Listening to the conversations happening on social media can be a great way to gauge public opinion about certain topics among target audiences. For campaigns in tight races, it can be a valuable resource. But social listening also has many limitations, and it’s not a replacement for polling.
I’ve spent the past seven years working at the intersection of politics and social media, developing, directing, and executing social media strategies for a range of clients on and off—and up and down—the ballot.
For almost all of the campaigns and clients I’ve worked with, social listening has been an important part of ongoing reporting and analysis. Since 2013, I’ve had a front-row seat to the evolution of social listening tools and capabilities. I’ve used or demoed virtually every major social listening platform on the market today, and have worked with data teams to develop and implement social listening infrastructures in-house.

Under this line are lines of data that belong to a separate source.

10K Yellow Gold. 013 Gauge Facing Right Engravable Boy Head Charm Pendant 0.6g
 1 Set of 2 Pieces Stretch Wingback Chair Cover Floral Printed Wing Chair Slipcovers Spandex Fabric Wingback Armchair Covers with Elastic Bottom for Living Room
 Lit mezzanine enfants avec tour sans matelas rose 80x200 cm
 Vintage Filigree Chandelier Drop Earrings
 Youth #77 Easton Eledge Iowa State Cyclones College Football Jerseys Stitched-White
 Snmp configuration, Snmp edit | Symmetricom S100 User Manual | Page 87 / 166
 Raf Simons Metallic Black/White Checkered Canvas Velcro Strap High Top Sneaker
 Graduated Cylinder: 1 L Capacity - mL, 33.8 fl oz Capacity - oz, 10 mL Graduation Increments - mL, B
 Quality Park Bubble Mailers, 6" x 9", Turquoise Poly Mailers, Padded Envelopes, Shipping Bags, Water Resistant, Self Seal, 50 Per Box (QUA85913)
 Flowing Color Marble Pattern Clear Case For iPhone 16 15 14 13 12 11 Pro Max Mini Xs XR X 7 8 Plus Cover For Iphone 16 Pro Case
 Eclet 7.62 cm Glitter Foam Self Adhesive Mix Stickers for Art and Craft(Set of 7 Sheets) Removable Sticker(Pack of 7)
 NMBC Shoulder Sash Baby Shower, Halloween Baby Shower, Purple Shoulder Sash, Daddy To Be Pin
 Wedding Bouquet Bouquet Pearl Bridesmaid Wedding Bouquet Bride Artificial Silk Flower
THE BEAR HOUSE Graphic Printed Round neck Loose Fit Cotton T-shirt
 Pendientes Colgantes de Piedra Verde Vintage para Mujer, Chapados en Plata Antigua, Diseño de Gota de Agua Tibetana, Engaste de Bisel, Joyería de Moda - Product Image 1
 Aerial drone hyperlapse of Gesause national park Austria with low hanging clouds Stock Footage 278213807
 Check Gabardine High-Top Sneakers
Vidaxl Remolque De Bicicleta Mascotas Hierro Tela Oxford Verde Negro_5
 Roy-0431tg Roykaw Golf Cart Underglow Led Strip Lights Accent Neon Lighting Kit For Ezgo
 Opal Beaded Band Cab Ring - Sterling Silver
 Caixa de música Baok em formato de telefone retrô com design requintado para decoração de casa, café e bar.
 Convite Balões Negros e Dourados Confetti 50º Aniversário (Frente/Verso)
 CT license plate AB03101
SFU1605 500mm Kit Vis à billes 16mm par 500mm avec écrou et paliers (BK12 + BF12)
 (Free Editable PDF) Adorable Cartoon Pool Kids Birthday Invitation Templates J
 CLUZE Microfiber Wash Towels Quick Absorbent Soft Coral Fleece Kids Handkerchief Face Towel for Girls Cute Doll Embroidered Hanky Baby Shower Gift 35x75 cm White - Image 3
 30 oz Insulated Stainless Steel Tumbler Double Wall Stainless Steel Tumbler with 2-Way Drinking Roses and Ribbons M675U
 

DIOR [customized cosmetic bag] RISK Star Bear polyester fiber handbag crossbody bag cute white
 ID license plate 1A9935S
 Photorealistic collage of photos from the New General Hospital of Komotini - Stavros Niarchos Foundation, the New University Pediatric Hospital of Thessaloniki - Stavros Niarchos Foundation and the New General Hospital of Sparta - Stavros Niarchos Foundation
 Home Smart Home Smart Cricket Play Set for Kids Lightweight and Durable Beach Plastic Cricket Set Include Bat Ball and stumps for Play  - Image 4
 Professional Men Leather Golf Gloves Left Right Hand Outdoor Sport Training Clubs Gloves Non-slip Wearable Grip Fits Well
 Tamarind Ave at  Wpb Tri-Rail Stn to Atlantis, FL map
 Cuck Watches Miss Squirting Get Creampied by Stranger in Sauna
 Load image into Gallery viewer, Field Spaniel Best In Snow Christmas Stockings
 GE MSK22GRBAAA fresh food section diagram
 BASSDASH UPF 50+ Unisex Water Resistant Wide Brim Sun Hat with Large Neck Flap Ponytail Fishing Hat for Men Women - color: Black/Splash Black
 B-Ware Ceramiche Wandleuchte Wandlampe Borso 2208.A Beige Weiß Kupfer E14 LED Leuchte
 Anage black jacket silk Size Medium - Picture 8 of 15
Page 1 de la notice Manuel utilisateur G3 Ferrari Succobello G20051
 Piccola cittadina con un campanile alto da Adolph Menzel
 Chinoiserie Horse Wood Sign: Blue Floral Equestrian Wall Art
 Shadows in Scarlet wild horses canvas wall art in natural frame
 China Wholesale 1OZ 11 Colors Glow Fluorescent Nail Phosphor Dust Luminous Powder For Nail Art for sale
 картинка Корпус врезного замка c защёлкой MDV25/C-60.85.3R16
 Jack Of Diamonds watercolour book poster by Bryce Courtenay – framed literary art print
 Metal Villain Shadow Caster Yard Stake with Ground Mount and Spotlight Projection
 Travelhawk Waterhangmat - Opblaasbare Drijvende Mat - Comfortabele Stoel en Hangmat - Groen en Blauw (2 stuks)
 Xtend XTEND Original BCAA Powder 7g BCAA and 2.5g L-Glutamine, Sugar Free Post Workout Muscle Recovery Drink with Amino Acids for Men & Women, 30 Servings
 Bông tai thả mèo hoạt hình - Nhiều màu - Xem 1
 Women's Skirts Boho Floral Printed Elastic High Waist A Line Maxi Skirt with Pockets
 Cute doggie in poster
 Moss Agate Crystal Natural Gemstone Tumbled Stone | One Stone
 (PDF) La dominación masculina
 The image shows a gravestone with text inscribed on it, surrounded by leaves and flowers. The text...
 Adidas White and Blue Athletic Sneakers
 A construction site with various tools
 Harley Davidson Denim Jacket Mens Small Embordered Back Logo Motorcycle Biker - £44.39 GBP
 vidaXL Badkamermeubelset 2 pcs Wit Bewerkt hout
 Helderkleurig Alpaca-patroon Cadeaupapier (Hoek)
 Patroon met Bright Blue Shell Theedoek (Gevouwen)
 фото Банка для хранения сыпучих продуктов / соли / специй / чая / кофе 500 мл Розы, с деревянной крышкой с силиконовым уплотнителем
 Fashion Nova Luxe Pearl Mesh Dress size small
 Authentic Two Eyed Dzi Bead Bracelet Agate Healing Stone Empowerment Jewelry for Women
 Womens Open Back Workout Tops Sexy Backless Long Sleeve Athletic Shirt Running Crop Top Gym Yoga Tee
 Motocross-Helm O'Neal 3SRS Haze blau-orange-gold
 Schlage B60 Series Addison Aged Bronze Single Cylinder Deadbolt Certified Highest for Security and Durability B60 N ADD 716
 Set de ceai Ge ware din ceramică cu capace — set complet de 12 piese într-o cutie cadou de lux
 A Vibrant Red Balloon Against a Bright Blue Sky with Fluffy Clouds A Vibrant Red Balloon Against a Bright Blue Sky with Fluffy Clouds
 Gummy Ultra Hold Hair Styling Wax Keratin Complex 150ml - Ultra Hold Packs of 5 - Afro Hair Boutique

Social listening can be a useful tool if you know how to use it — and if you understand its limitations. This is a complicated topic with many dimensions, and my goal in this piece is to outline some common pitfalls to watch out for when using this evolving technology, as well as some opportunities and applications in which it truly can excel.
Make sure you understand who you are and aren’t listening to.
In the overwhelming majority of its applications, social listening is only able to capture public online conversations—some of which are much easier to identify than others. Public or private, remember that you’re only “hearing” from those who want their voices to be heard.
Now, 72 percent of U.S. adults use some type of social media, a statistic that’s stayed fairly steady since 2016. But this 72 percent doesn’t align perfectly with the 55 percent who vote.
Though campaigns can still see and collect insights from the public comments that people leave on, say, the campaign’s own public Facebook or Instagram content, it’s important to remember that these comments are being made directly to a candidate or campaign.
In other words, it’s something they want the campaign to know, not things they’d necessarily say behind their backs. For instance, Twitter replies from protected accounts stay private, though they do contribute to the total number of “replies” shown next to a tweet.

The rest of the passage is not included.